1. A method of manufacturing a box-shaped building element in which on a first manufacturing
site concrete mortar is poured and consolidated by vibrations or shocks in the cavity
of a casting mould consisting of a lower profile gauge, a jacket, a core and an upper
gauge and in which the resultant, incompletely cured casting is removed from the core
or from the jacket and is transported together with the jacket or the core respectively
to a second manufacturing site, after which the jacket or the core respectively is
removed from the still incompletely cured casting, characterized in that the casting
together with the upper gauge and the lower gauge is removed from the jacket or the
core respectively, whilst at least the upper gauge is retained with respect to the
casting with the aid of positioning means.

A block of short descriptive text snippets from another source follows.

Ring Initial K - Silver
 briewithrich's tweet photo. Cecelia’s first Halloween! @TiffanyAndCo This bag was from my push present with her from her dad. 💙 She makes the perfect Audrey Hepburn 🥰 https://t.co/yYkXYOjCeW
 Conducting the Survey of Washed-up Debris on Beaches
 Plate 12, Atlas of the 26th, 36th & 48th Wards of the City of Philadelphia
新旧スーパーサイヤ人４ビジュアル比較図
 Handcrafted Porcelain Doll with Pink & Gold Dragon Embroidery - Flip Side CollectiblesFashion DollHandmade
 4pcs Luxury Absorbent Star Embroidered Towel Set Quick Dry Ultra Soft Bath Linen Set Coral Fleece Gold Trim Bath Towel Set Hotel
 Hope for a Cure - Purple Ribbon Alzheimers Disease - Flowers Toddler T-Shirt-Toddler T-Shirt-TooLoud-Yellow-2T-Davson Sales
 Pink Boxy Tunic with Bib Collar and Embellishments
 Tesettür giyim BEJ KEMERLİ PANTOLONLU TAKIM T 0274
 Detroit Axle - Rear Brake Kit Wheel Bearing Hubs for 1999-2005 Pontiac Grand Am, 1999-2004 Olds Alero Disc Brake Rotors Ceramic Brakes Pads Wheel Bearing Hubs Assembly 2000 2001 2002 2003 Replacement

2. A method as claimed in claim 1, characterized in that the upper gauge is connected
by the positioning means with the lower gauge and the casting together with the upper
and lower gauges interconnected by the positioning means is removed from the core
and the jacket.
3. A method as claimed in claim 1, characterized in that into the mould cavity are
arranged connecting members of the positioning means and the casting together with
the upper and lower gauges interconnected by the connecting members then extending
across the concrete of the casting is removed from the core and the jacket.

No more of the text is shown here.